▶ [Data in this exercise]:
========================================================================
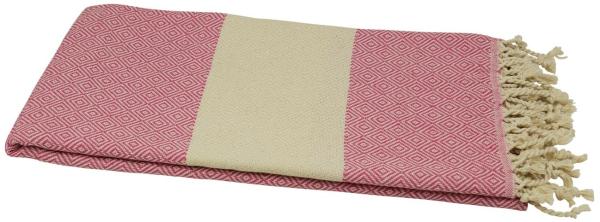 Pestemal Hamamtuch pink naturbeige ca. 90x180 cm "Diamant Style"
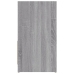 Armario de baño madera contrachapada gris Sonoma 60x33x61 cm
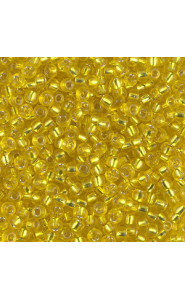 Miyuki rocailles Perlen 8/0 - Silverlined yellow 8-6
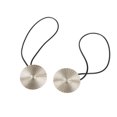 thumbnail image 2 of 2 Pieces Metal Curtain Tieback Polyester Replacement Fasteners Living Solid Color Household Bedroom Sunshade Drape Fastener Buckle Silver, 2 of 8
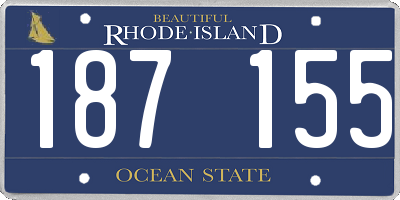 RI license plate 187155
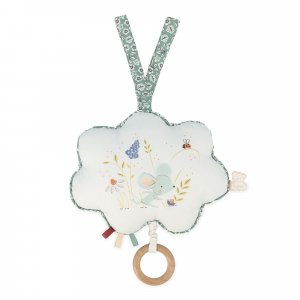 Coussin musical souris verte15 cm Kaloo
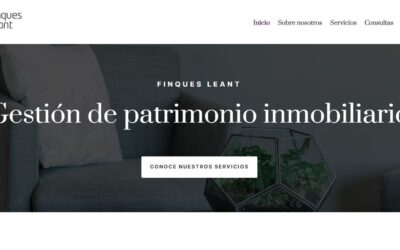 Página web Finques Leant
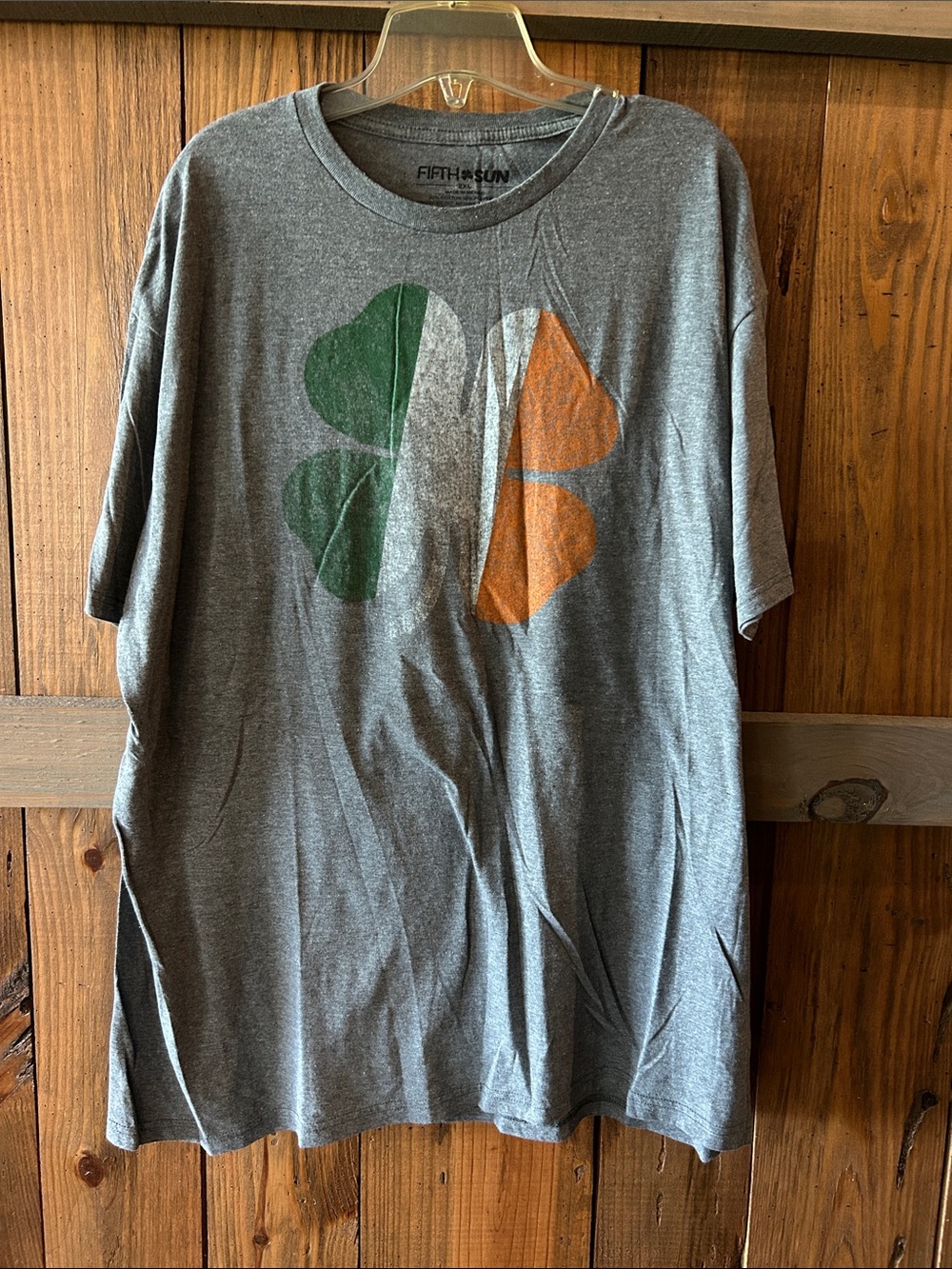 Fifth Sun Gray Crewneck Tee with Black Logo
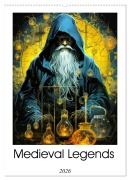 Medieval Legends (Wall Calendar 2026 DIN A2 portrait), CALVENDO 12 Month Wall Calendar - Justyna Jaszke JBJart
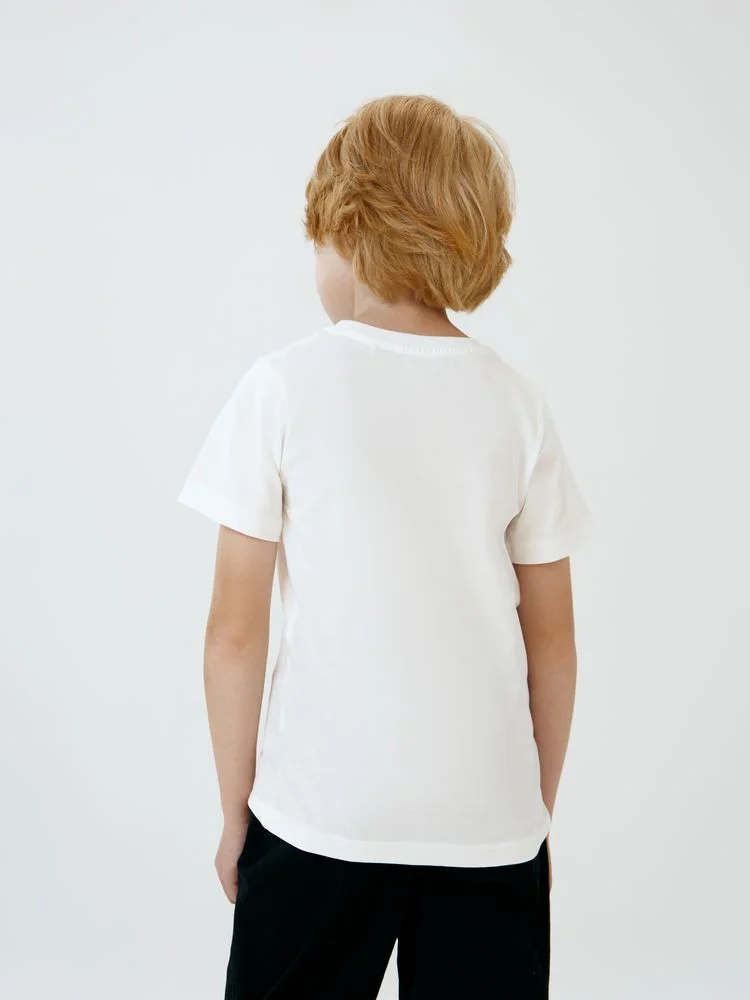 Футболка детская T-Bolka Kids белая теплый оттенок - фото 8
========================================================================
▶ [Task instructions]: Please write out every line of the listing above exactly, and leave the images behind.

▶ [Exercise response]:
 Pestemal Hamamtuch pink naturbeige ca. 90x180 cm "Diamant Style"
 Armario de baño madera contrachapada gris Sonoma 60x33x61 cm
 Miyuki rocailles Perlen 8/0 - Silverlined yellow 8-6
 thumbnail image 2 of 2 Pieces Metal Curtain Tieback Polyester Replacement Fasteners Living Solid Color Household Bedroom Sunshade Drape Fastener Buckle Silver, 2 of 8
 RI license plate 187155
 Coussin musical souris verte15 cm Kaloo
 Página web Finques Leant
 Fifth Sun Gray Crewneck Tee with Black Logo
 Medieval Legends (Wall Calendar 2026 DIN A2 portrait), CALVENDO 12 Month Wall Calendar - Justyna Jaszke JBJart
 Футболка детская T-Bolka Kids белая теплый оттенок - фото 8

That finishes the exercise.